Segment Start: Data supplied
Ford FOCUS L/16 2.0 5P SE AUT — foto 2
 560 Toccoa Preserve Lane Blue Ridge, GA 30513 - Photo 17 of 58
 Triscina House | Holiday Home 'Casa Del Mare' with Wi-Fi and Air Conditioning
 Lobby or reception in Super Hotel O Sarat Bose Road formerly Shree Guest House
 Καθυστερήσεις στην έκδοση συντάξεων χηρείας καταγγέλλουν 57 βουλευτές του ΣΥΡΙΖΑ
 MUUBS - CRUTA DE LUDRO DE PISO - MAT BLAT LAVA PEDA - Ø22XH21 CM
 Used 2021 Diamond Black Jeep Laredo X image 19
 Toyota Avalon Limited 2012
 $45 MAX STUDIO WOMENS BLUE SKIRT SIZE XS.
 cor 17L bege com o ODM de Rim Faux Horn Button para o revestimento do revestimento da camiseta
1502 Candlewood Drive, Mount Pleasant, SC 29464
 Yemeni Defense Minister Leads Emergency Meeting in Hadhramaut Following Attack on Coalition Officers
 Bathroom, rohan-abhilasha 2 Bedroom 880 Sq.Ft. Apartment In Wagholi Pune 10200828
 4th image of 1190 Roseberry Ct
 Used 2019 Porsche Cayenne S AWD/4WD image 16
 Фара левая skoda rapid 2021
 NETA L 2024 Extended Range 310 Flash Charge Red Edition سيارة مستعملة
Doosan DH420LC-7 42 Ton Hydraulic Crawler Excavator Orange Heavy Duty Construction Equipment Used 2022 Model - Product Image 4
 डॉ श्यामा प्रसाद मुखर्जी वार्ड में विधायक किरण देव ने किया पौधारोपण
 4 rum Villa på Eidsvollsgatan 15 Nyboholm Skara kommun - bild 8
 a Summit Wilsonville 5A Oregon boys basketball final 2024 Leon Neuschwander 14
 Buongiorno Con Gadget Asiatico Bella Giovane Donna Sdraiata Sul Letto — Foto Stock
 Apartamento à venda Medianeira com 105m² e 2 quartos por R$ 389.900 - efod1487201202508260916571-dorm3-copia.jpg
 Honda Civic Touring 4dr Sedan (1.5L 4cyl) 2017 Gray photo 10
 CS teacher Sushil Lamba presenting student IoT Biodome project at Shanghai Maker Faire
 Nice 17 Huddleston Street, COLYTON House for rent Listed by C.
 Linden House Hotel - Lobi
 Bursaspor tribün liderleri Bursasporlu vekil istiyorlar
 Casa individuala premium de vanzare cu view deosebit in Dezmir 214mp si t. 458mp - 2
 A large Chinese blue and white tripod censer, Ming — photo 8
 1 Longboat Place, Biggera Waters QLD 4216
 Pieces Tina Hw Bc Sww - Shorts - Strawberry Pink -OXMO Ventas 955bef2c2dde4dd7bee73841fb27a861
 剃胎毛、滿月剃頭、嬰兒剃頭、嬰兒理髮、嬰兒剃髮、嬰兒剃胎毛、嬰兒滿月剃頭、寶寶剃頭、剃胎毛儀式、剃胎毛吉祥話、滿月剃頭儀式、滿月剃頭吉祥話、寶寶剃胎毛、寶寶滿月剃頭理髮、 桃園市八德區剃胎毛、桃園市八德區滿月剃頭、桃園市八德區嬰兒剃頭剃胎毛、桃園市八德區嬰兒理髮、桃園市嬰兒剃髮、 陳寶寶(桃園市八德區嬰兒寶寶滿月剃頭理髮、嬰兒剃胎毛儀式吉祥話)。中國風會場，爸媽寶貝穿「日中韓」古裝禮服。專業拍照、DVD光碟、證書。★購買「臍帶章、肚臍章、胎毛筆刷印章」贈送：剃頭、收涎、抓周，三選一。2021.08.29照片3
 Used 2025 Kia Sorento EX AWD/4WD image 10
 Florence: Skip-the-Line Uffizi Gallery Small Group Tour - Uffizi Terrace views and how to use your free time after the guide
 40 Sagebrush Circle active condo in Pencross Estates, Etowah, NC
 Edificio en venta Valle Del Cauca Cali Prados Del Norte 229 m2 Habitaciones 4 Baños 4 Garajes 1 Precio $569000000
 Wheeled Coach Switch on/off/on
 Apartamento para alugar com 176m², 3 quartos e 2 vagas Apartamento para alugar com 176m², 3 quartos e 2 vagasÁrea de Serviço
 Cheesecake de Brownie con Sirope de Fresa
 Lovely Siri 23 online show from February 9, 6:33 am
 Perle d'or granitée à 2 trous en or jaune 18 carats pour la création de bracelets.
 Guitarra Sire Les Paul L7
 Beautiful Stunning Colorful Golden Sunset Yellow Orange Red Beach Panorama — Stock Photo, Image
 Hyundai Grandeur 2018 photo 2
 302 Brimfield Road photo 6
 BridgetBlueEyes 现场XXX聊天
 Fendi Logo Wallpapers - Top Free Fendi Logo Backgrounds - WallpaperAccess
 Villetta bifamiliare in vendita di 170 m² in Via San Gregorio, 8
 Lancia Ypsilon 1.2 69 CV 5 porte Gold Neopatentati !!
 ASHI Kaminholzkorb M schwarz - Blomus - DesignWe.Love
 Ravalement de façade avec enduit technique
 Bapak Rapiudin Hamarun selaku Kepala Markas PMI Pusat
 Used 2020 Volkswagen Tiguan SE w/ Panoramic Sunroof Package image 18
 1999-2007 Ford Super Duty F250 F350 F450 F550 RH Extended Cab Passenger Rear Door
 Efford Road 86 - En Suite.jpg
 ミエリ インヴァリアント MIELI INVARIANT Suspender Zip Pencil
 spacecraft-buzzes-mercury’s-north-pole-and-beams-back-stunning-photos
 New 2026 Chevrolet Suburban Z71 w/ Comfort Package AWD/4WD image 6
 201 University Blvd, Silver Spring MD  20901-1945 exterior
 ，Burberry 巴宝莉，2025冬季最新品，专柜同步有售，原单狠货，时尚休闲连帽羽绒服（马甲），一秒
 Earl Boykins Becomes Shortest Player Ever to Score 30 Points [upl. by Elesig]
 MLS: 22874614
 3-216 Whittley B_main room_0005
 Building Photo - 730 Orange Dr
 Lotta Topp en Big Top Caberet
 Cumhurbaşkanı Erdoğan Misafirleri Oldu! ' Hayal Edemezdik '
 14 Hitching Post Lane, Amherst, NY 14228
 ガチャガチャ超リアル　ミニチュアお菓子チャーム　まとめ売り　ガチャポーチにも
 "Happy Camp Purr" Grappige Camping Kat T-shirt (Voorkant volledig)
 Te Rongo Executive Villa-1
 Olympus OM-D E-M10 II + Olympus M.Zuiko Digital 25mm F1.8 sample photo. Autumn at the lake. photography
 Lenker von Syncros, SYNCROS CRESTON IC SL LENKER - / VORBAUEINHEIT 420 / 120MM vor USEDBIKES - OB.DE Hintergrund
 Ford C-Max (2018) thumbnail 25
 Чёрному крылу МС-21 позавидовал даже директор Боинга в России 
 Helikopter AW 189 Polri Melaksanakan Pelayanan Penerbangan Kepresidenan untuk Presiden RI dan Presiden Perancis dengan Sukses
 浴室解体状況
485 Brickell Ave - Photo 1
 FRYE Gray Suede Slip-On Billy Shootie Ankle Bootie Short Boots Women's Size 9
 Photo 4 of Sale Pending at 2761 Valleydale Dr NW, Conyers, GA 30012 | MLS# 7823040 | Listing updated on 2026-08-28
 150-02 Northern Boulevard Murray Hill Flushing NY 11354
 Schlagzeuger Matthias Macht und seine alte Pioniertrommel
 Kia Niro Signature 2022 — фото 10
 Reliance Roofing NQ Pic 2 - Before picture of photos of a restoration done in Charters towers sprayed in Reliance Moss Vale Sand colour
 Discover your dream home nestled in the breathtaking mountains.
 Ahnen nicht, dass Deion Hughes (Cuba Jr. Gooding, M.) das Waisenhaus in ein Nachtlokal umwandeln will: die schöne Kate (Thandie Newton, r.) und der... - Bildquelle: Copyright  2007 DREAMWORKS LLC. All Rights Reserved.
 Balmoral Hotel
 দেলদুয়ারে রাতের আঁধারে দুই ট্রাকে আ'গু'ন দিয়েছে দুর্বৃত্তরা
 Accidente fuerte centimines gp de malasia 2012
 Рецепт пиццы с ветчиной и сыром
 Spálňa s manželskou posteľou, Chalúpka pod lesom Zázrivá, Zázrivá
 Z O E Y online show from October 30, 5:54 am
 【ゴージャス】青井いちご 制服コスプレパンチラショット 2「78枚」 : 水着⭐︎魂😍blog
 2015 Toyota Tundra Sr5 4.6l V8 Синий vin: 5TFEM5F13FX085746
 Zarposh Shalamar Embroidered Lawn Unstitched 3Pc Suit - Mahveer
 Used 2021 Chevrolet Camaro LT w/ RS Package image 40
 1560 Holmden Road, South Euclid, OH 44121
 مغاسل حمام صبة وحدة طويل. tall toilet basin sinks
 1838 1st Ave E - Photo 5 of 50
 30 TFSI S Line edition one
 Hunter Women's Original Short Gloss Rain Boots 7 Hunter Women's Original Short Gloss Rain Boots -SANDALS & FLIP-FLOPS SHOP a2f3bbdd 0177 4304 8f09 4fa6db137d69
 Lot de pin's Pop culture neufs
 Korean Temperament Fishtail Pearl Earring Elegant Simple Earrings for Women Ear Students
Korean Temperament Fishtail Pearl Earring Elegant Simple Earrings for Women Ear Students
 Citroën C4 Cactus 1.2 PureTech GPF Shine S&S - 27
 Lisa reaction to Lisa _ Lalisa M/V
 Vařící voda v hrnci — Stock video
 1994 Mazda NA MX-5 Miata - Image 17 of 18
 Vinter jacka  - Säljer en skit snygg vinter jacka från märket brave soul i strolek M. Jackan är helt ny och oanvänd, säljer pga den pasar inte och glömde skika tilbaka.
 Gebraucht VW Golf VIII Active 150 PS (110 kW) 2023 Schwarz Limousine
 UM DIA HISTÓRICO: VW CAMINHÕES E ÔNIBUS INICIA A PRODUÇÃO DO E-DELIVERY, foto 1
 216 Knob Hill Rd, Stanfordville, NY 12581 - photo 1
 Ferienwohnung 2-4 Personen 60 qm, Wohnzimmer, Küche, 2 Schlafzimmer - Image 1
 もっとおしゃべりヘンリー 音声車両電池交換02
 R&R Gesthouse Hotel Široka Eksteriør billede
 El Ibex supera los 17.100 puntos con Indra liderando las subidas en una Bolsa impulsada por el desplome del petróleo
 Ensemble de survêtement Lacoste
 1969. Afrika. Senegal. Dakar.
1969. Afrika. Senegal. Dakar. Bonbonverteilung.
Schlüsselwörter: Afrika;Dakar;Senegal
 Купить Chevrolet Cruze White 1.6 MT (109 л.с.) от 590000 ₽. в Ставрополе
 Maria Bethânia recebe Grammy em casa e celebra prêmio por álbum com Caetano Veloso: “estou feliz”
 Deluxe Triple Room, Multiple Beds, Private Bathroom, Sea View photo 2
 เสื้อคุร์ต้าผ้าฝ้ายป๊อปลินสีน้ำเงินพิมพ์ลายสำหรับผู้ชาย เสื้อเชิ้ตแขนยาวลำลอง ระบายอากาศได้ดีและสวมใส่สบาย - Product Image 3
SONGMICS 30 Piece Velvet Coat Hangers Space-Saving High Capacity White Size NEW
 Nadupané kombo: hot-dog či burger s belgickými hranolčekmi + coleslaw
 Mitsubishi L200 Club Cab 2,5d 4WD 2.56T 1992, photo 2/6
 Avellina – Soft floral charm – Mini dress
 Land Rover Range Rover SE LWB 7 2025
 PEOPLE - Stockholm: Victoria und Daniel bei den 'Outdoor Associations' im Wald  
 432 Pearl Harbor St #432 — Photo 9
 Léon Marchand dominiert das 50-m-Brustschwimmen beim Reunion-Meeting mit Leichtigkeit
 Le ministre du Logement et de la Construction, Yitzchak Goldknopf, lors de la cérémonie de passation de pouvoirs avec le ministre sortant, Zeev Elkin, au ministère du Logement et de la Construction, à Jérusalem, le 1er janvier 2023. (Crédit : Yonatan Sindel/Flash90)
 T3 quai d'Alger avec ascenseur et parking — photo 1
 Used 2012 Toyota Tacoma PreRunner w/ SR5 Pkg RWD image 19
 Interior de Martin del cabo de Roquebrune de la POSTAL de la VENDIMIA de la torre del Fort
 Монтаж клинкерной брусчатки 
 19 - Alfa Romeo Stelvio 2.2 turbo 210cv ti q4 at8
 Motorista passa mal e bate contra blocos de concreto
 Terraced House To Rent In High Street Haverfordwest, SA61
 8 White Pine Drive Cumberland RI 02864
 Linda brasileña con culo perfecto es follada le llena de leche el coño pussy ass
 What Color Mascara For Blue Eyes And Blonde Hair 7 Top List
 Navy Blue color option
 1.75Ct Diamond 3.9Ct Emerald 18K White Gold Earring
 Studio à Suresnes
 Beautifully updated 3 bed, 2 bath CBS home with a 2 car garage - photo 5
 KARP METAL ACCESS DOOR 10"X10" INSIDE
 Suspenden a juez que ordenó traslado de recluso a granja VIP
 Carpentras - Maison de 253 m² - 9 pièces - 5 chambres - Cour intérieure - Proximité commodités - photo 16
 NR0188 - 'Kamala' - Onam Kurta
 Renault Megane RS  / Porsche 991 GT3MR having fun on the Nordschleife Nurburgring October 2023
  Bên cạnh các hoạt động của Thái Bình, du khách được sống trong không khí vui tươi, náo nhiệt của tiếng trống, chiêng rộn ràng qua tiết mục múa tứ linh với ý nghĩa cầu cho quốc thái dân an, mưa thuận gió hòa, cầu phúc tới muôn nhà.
Segment End: Data supplied
▶ [Task directions] An exact copy of the lines above, from the one containing "Lancia Ypsilon 1.2" down to the one containing "Чёрному крылу МС-21" and including both, is the whole answer; retype it and nothing else.

▶ [Solution to the exercise]
 Lancia Ypsilon 1.2 69 CV 5 porte Gold Neopatentati !!
 ASHI Kaminholzkorb M schwarz - Blomus - DesignWe.Love
 Ravalement de façade avec enduit technique
 Bapak Rapiudin Hamarun selaku Kepala Markas PMI Pusat
 Used 2020 Volkswagen Tiguan SE w/ Panoramic Sunroof Package image 18
 1999-2007 Ford Super Duty F250 F350 F450 F550 RH Extended Cab Passenger Rear Door
 Efford Road 86 - En Suite.jpg
 ミエリ インヴァリアント MIELI INVARIANT Suspender Zip Pencil
 spacecraft-buzzes-mercury’s-north-pole-and-beams-back-stunning-photos
 New 2026 Chevrolet Suburban Z71 w/ Comfort Package AWD/4WD image 6
 201 University Blvd, Silver Spring MD  20901-1945 exterior
 ，Burberry 巴宝莉，2025冬季最新品，专柜同步有售，原单狠货，时尚休闲连帽羽绒服（马甲），一秒
 Earl Boykins Becomes Shortest Player Ever to Score 30 Points [upl. by Elesig]
 MLS: 22874614
 3-216 Whittley B_main room_0005
 Building Photo - 730 Orange Dr
 Lotta Topp en Big Top Caberet
 Cumhurbaşkanı Erdoğan Misafirleri Oldu! ' Hayal Edemezdik '
 14 Hitching Post Lane, Amherst, NY 14228
 ガチャガチャ超リアル　ミニチュアお菓子チャーム　まとめ売り　ガチャポーチにも
 "Happy Camp Purr" Grappige Camping Kat T-shirt (Voorkant volledig)
 Te Rongo Executive Villa-1
 Olympus OM-D E-M10 II + Olympus M.Zuiko Digital 25mm F1.8 sample photo. Autumn at the lake. photography
 Lenker von Syncros, SYNCROS CRESTON IC SL LENKER - / VORBAUEINHEIT 420 / 120MM vor USEDBIKES - OB.DE Hintergrund
 Ford C-Max (2018) thumbnail 25
 Чёрному крылу МС-21 позавидовал даже директор Боинга в России 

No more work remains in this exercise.